Lisa Gerrard et Brendan Perry, les deux membres fondateurs de DCD

Dead can dance est un groupe de musique fondé par Lisa Gerrard et Brendan Perry en 1981 à Melbourne.

Les deux membres fondateurs ont développé leur propre univers, évoluant de la cold wave originelle vers des musiques d’inspiration liturgiques et médiévales aux sonorités incantatoires voire magiques, avant d’aboutir à une musique plus folklorique aux emprunts nord-africains, sud-américains ou asiatiques.

Ce groupe, aux aspirations diverses et mondialement connu entre directement dans notre concept d’enchantement-deuil. En effet, DCD (compression révélatrice du nom du groupe) a suivi une carrière ne pouvant être classée dans aucuns genres précis, voguant entre des thèmes et des sonorités tour à tour gothiques, abordant la mort, des thèmes liturgiques, invoquant des rituels et le monde médiéval et enfin des sonorités du monde, célébrant la vie et la nature. Nous pouvons en cela affirmer que ce groupe a abordé les deux entités de notre concept: l’enchantement et le deuil. Ces deux antipodes faisant partis de la vie elle-même, de son paradoxe et de sa dualité,  le groupe les a tous les deux encensés et mis en musique agréablement.

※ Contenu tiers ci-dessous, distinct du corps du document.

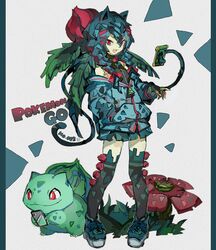  :d animal_ears blue_hair blue_jacket bulbasaur cellphone flower grass hair_between_eyes hand_in_pocket holding holding_phone ivysaur jacket kantarou_(8kan) long_hair personification phone plant pokedex_number pokemon pokemon_(creature) red_eyes shoes smartphone smile sneakers standing thighhighs venusaur vines 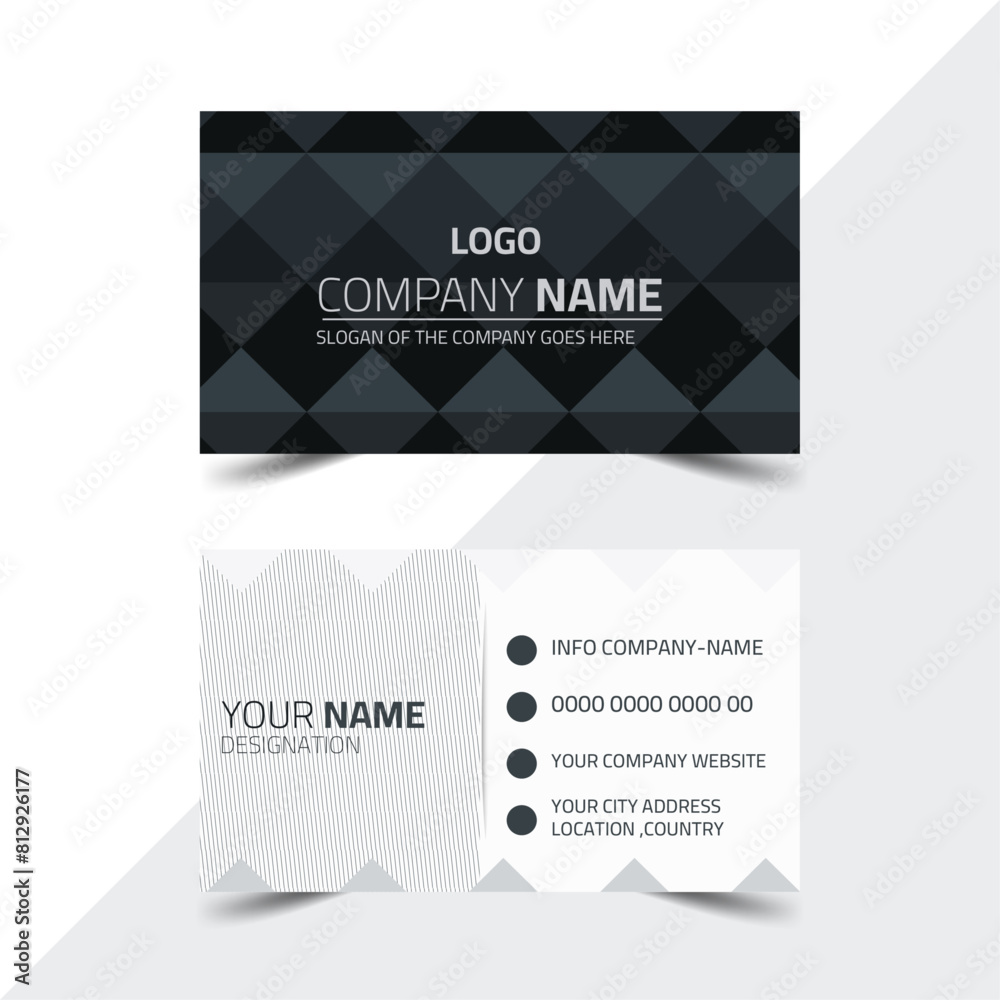 Fototapeta premium Modern Business Card, REALISTIC BUSINESS CARD MINIMAL BUSINESS CARD Black and gold creative business card template. Modern Business Card - Creative and Clean Business Card Template.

Leurs albums peuvent chacun témoigner de la présence à la fois du mortuaire, du deuil, et de l’enchantement, de la foi en l’homme et en sa révélation. Ainsi, les chansons portent des noms reprenant le thème de l’ascension et de la chute, des thèmes baudelairiens (leur album Spleen and Ideal fait référence au texte éponyme du poète), ainsi que des thèmes liés à la nature, notre retour aux sources. Le groupe a le mérite de nous faire voyager tour à tour au centre de la terre, dans notre tombeau, tout en nous faisant aspirer à la vie, à l’enchantement de l’homme par la nature.

la voix de la chanteuse Lisa Gerrard sert directement cette cause. L’artiste, pouvant aller des sons les plus aigus aux sons les plus graves, joue sur cette dualité pour créer des atmosphères dignes de l’enchantement et du deuil. La musique se part alors d’un voile cristallin évoquant la vie et la magie, ou bien d’un voile sombre et grave, évoquant les sous-baissements de la terre et ses méandres.